::: EXTRACTED RECORDS :::

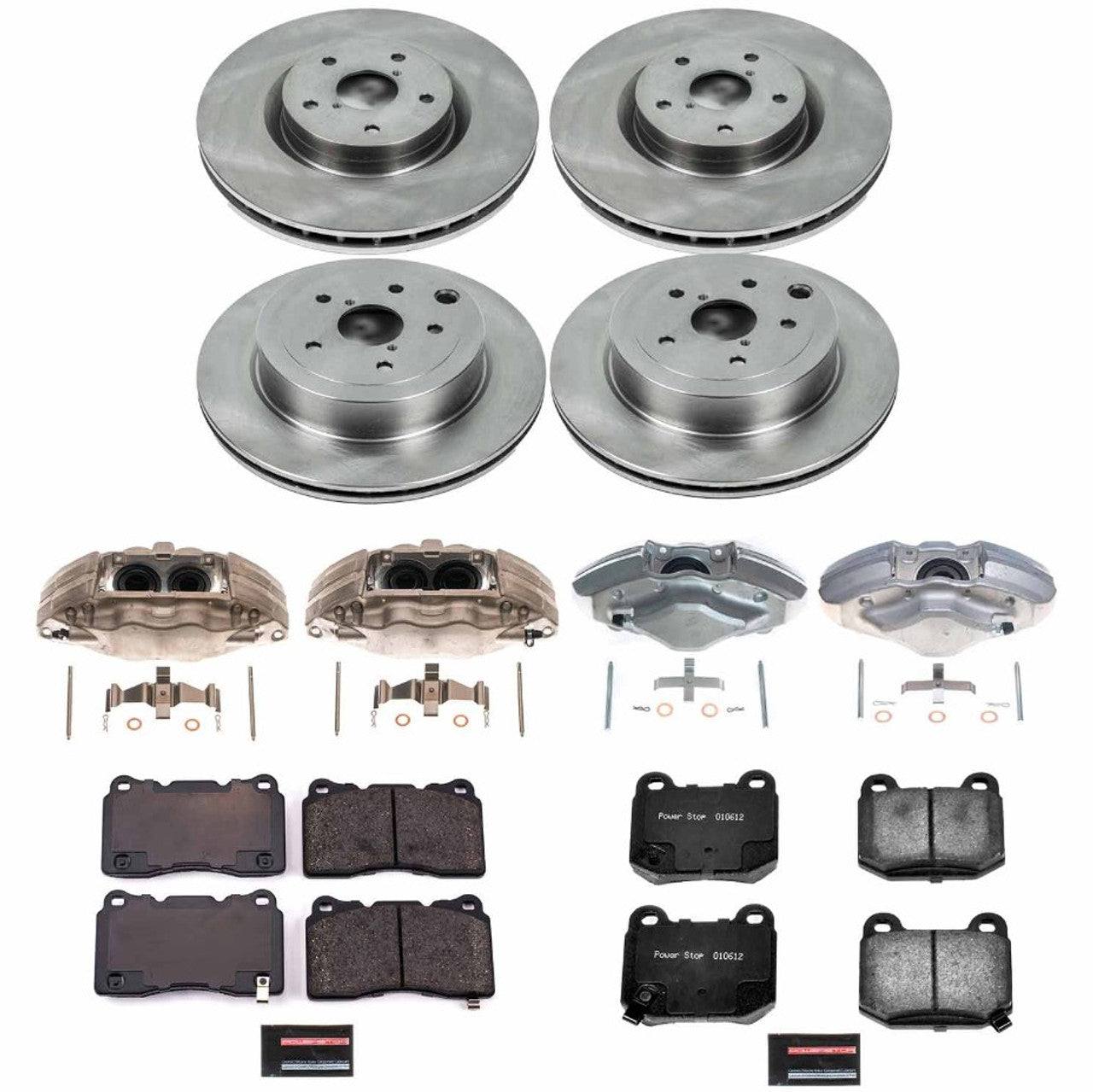 Power Stop 08-14 Subaru Impreza Front & Rear Z26 Street Warrior Brake Kit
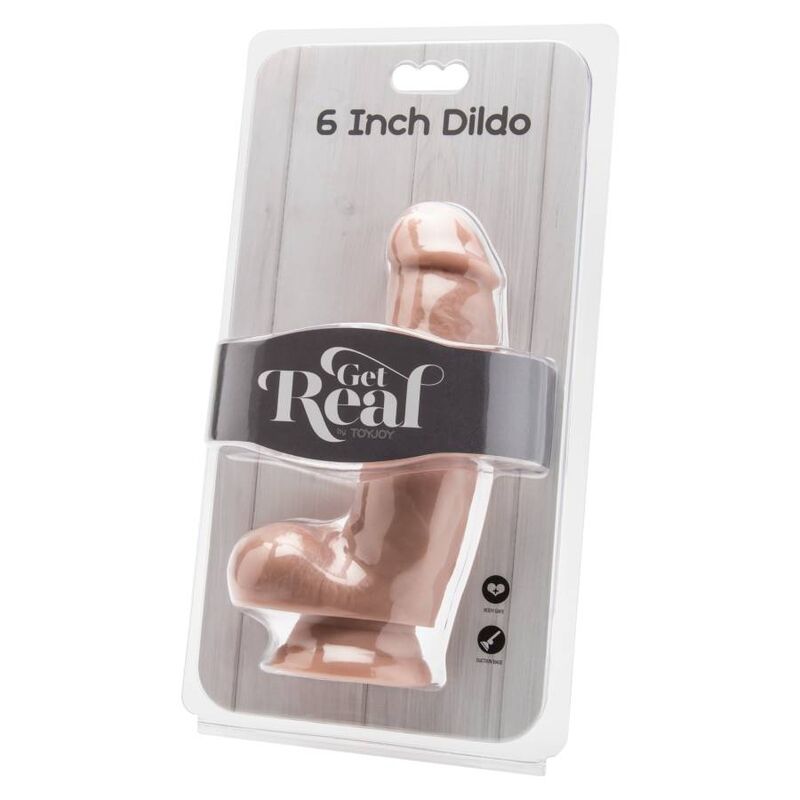 GET REAL - DILDO 12 CM COM TESTÍCULOS NATURAL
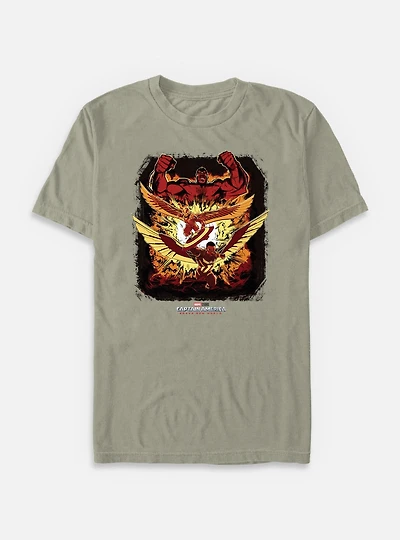 Captain America: Brave New World Red Hulk And Falcon Garment Dye T-Shirt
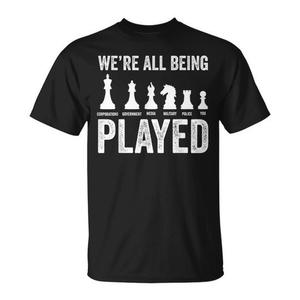 T-shirt promozionale con teoria della conspirazione: Siamo tutti fediati in trappola - Product Image 1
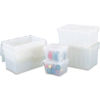 ORBIS Flipak&#174; Attached Lid Container FP06 - 15-1/5 x 10-9/10 x 9-7/10, Clear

:::

YOUR GOAL -
Everything from the first line of the records through the line containing "T-shirt promozionale con" should be reproduced exactly, apart from the pictures.

SOLUTION FOR THIS PROBLEM -
 Power Stop 08-14 Subaru Impreza Front & Rear Z26 Street Warrior Brake Kit
 GET REAL - DILDO 12 CM COM TESTÍCULOS NATURAL
 Captain America: Brave New World Red Hulk And Falcon Garment Dye T-Shirt
 T-shirt promozionale con teoria della conspirazione: Siamo tutti fediati in trappola - Product Image 1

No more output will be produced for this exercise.